Chapter 5 discussed how AI and ML are improving bot detection, whereas Chapter 6 discussed other areas in security for which the introduction of AI and ML has had a real impact. This chapter examines how managed security service providers (MSSPs) are incorporating these technologies, developing AI and ML techniques of their own and how that can benefit your organization. Your organization might not be ready to adopt AI and ML solutions in-house—given the many challenges associated with AI and ML and the fact that most security teams are already overworked, the idea of adding new capability seems daunting. However, by using an MSSP, your organization can potentially reap the benefits of the investment that the MSSP has made in AI and ML technologies. Just as with anything else in security, a successful partnership with an MSSP does require work on your end, but it can help improve your organization’s security posture.

The MSSP as an AI and ML Source

MSSPs have always had an inherent advantage when it comes to security: rather than protecting a single organization from attacks, the MSSP is protecting hundreds or thousands of clients from all types of attacks. The security operations center (SOC) analysts who work for MSSPs are presented with thousands of different attacks at any time, and they work with organizations ranging from sprawling government agencies to small businesses.
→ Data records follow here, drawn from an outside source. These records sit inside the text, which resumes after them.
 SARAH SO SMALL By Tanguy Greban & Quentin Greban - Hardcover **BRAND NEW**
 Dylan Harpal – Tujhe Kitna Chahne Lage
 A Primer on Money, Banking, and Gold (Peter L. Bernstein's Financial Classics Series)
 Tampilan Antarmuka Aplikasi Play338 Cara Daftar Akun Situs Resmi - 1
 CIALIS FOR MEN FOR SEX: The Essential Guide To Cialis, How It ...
This means that the SOC analysts not only need to be able to quickly pivot from one attack type to another, they also need to be able to pivot from one environment, including the level of experience of the security person or team in that environment, to another.
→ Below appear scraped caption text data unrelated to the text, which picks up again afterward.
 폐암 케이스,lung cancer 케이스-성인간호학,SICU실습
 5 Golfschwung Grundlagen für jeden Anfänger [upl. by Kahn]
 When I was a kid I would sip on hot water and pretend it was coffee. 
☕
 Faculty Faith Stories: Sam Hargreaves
That is why, over the years, MSSPs have developed the use of independent layers of threat detection techniques. Many of these MSSPs have had to build AI and ML solutions in-house to process billions of security events across thousands of different security solutions every hour. The results of that AI and ML becomes operational, tactical, and strategic threat intelligence that gets fed back into monitoring systems for all customers and allows MSSPs to quickly respond to a customer threat and alert that customer in a manner in which the customer can process and act on the event.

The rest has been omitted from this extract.